TASK STATEMENT –
Would you restate, word for word, only the lines starting at the one with "Hoje a casa" and ending with the final line of the entries below? Pictures stay out.

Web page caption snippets
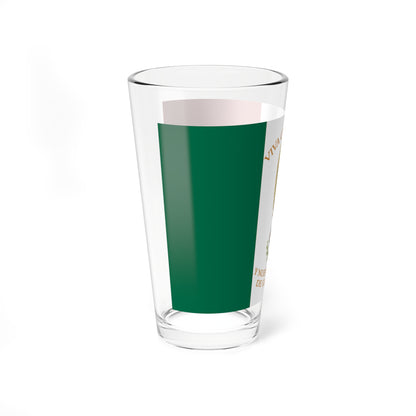 Mexico Flag Cristeros (Mexico) Pint Glass 16oz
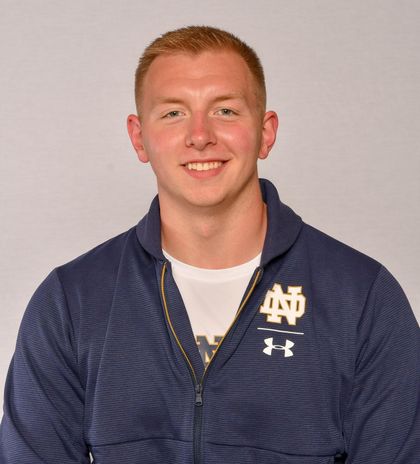 Rex Riley - Swimming and Diving - Notre Dame Fighting Irish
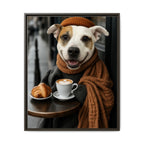 Framed 24x30 Espresso front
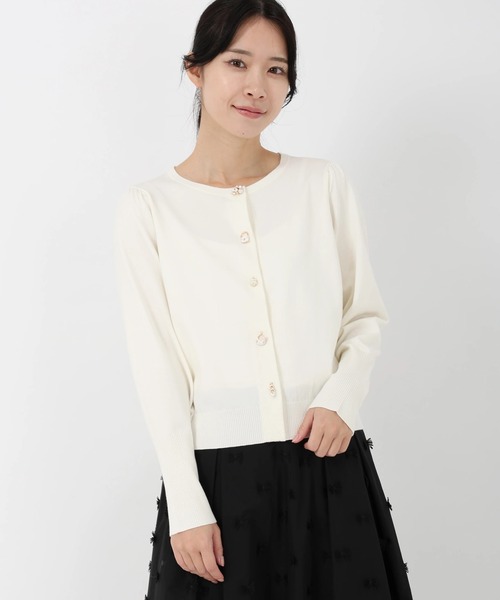 BEAUTY&YOUTH ×  Peak コンフォートカーディガン コンフォートイネス_アソートチャームニットカーディガン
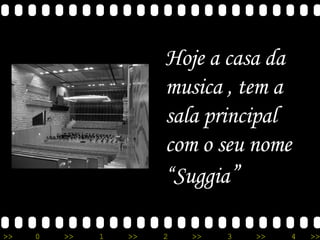 Hoje a casa da musica , tem a sala principal com o seu nome “Suggia ” 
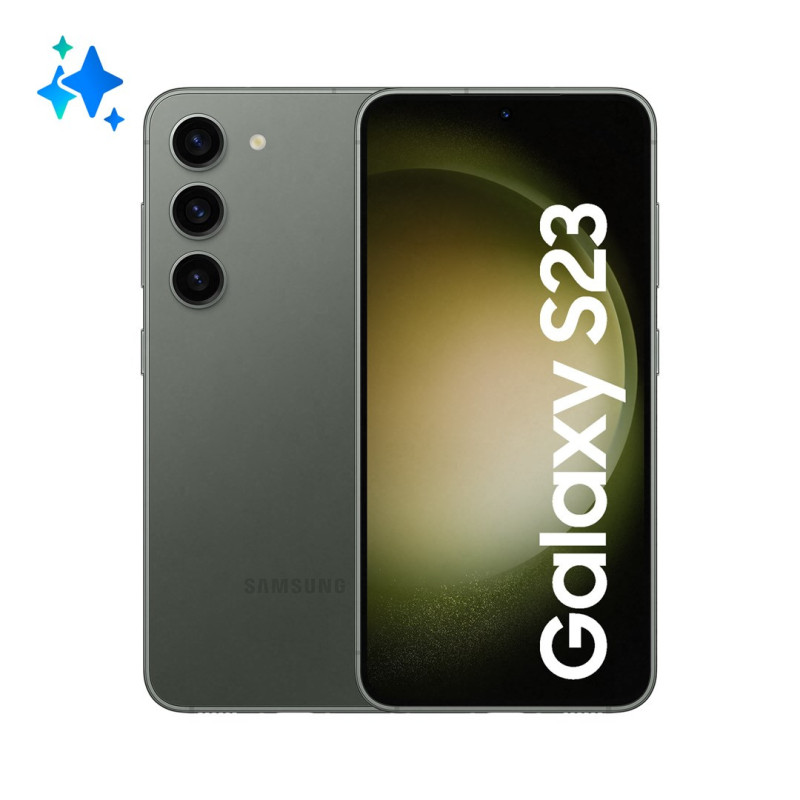Samsung Galaxy S23 SM-S911B 15.5 cm (6.1&quot;) Dual SIM Android 13 5G USB Type-C 8 GB 128 GB 3900 mAh Green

SOLUTION TO THE PROBLEM –
 Hoje a casa da musica , tem a sala principal com o seu nome “Suggia ” 
Samsung Galaxy S23 SM-S911B 15.5 cm (6.1&quot;) Dual SIM Android 13 5G USB Type-C 8 GB 128 GB 3900 mAh Green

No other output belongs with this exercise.